By ARNIE STAPLETON
The Associated Press
COLORADO SPRINGS, Colo. — This was a respite for the Los Angeles Rams but certainly no vacation.
The team kept its plans to train at the Air Force Academy and stay at the posh Broadmoor Hotel in the Rocky Mountain foothills even after the NFL moved their Monday night showdown with the Kansas City Chiefs to the Los Angeles Coliseum because of a frayed football field at Mexico City’s Azteca Stadium.
The primary benefit shifted from altitude acclimation to getting away from the wildfires back home and doing some midseason team bonding.
“It’s been a little bit wild for sure, but with that being said, there’s a lot more people dealing with a lot worse than what we’re dealing with right now,” quarterback Jared Goff said. “We’re the lucky ones and we’re having a good time out here in Colorado.”
The deadly wildfires that are surrounding the Rams’ training complex back home affected some players and coaches directly and some indirectly.
“I personally wasn’t affected, but I look at my teammates as family,” Ndamukong Suh said. “So, we all have to deal with it in some form or fashion.”
The trip to Colorado also allowed the Rams (9-1) to do some midseason bonding, something tight end Rob Gronkowski said helped the Patriots refocus down the stretch last season after they spent a week at the academy ahead of their game against the Raiders in Mexico City.
Rams coach Sean McVay said he reached out to Patriots coach Bill Belichick for some tips about how they handled the week away in the Rocky Mountains.
“Anybody like a Bill Belichick, if they’re able to give you a perspective, it’d be silly not to listen and try to apply it,” McVay said.
The Rams will fly home today after what was actually a business trip.
“The Broadmoor’s great. I haven’t played any golf,” defensive coordinator Wade Phillips said. “I’ve got a lot of friends here, but I haven’t really seen anybody because we’ve been working. It’s a work trip … we’re getting ready to play a game.”

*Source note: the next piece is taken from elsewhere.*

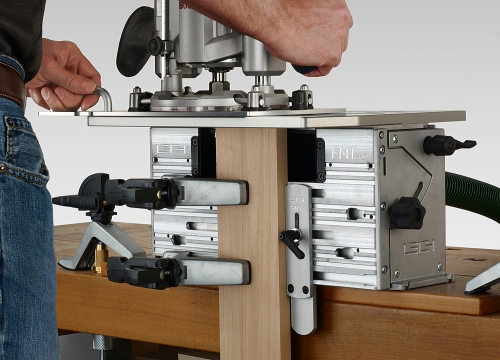 Leigh_FMTPro_routing_inline_tenon_hand_P1140394_1500px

McVay said training in Colorado won’t be a waste even though the game now will be played at sea level.
“With all the things going on right now, I think there’s some guys that, at the time, wouldn’t have been able to get back into their houses,” McVay said. “There’s a lot of things that we were doing here. One of them was, obviously, to get ready for playing in the elevation and different things like that. It does still serve you well to train in these environments.
“So, it’ll help us out. Then really, we looked at it as another chance to kind of get away before the bye week, continue to connect as a team where there’s not any real distractions.”
That bonding may be the ultimate benefit of their brief trip.
“If anything, the last week has really made you appreciate the perspective that this gives you,” McVay said. “What’s so special about football is the brotherhood that you share with the teammates, the coaches, the rapport and just the camaraderie. There’s nothing like it.
“To be able to go through some of these things, to also know that when you’re going through real life adversity outside of football, that you have a support system, you have people that care about you unconditionally — that’s what’s real.”
McVay said he took in the picturesque mountains, the fresh air and the amenities of the Broadmoor, but “I really haven’t had a chance to get out and explore. We’re in the midst of game planning and things like that, but I know our players have enjoyed it.
“They got a chance to go to the Nuggets-Rockets game the other night. I think it’s been a great getaway for the team to be together and kind of bond.”